Kisah di atas melengkapi dua kisah sebelumnya. Awal tahun ini, saya pun mendapat keluhan dari dua teman yang kebetulan naskah bukunya diterbitkan. Dua temanku mengalami kejadian yang lebih menyakitkan. Ia tak menerima bayaran sepersen pun meskipun jelas-jelas naskahnya diterbitkan. Bahkan, naskah salah satu temanku itu menjadi buku proyek pemerintah yang bukunya didistribusikan ke semua sekolah di tanah air. Dapat dibayangkan, betapa besarnya royaltinya jika itu diuangkan. Berkenaan dengan itu dan belajar dari pengalaman pribadi, mungkin saya bisa memberikan 3 saran agar kejadian di atas tidak terulang, yaitu kenali penerbitnya, jangan kirim softcopy, dan bersikap tegas.
Pertama, kenali penerbitnya. Cara mengenali penerbit buku dapat dilakukan dengan bertanya kepada para penulis terdahulu atau senior. Tanyakan kredibilitas dan akuntabilitas penerbitnya. Pernahkah penulis itu ditipu penerbit itu? Bolehkah penulis menanyakan royalti setiap saat? Bolehkah penulis menanyakan besaran omzet penjualan bukunya? Biasanya penerbit besar yang kredibel dan akuntabel memberikan kebebasan kepada penulis untuk mengetahui tingkat penjualan bukunya.

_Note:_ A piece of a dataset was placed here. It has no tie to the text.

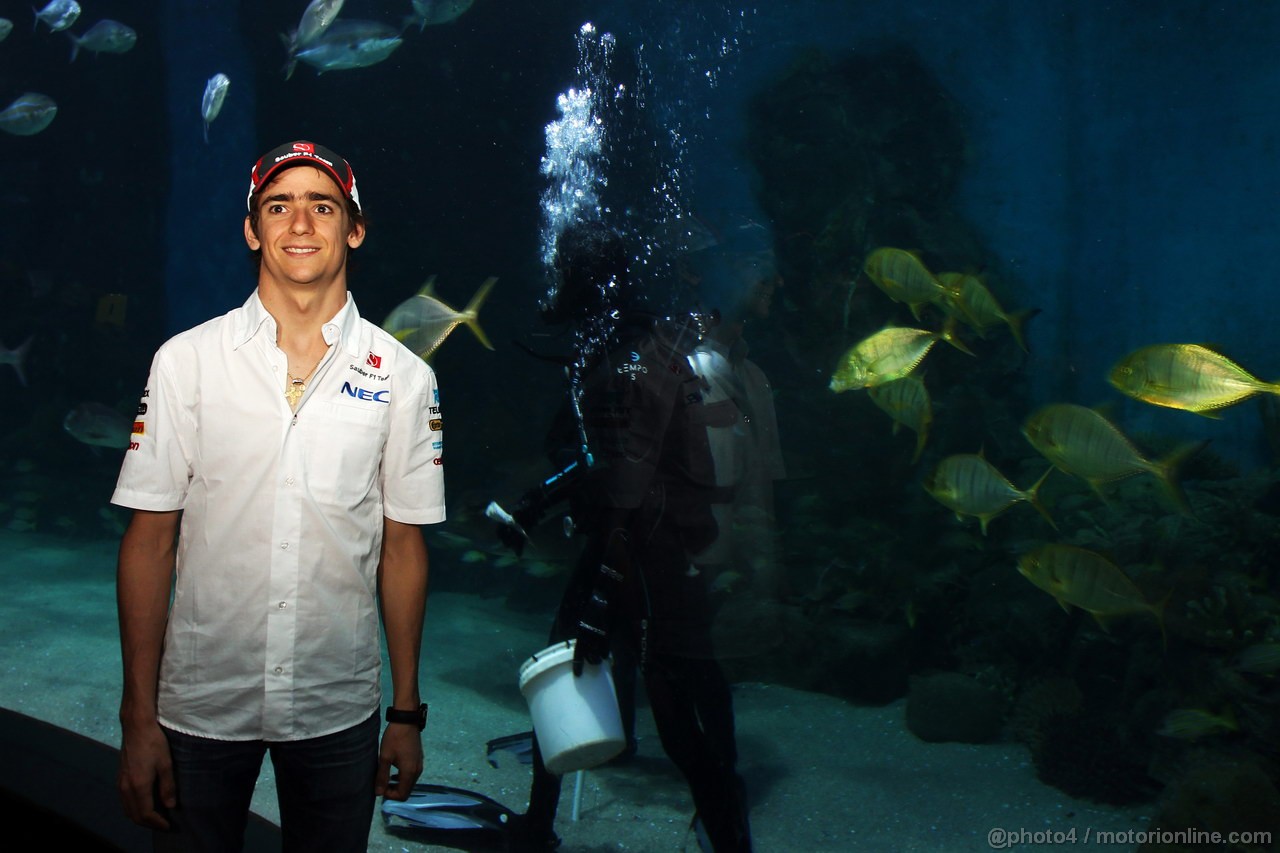 GP AUSTRALIA, 13.03.2013- Esteban Gutierrez (MEX) Sauber at Melbourne Aquarium.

Kedua, jangan kirim softcopy. Ternyata tiga temanku di atas mengirimkan softcopy melalui mediator atau penerbit. itu adalah kesalahan besar jika tidak disertai dengan bukti penerimaan softcopy karena dapat diplagiat dengan diatasnamakan orang lain. Berikanlah hardcopy atau cetakan yang dijilid biasa untuk dikoreksi oleh editor. Biasanya penerbit besar tak berani menerima softcopy karena mereka sudah mengetahui tingkat risikonya. Jika penerbit itu terbukti menerbitkan buku penulis tanpa seizinnya, penerbit itu dapat dituntut pelanggaran hak cipta dengan denda teramat luar biasa besarnya.
Ketiga, bersikap tegas. Biasanya ini dialami oleh para penulis pemula yang takut naskahnya tidak dibukunkan. Jika penerbit itu berbelit-belit memberikan penjelasan kepada penulis, sebaiknya penulis langsung mengambil sikap tegas: cabut saja naskahnya. Silakan dibaca tulisan ini: Tips Menulis Surat Pencabutan Naskah ke Penerbit. Penulis tak perlu takut atas naskahnya. Banyak penerbit masih berkenan dan membutuhkan naskah-naskah itu. Silakan tulisan ini dibaca: Tips Menawarkan Naskah ke Penerbit.

Saya berharap agar pengalaman 3 temanku di atas dapat digunakan sebagai pelajaran bagi penulis (pemula). Menulis buku itu sulit karena diperlukan stamina yang bagus, pengetahuan yang luas, dan kesabaran nan tinggi. Jadi, saya teramat sedih manakala mendapat keluhan-keluhan seperti di atas. Mudah-mudahan pengalaman tersebut bermanfaat agar kita, para penulis, bersikap lebih waspada. Semoga bermanfaat.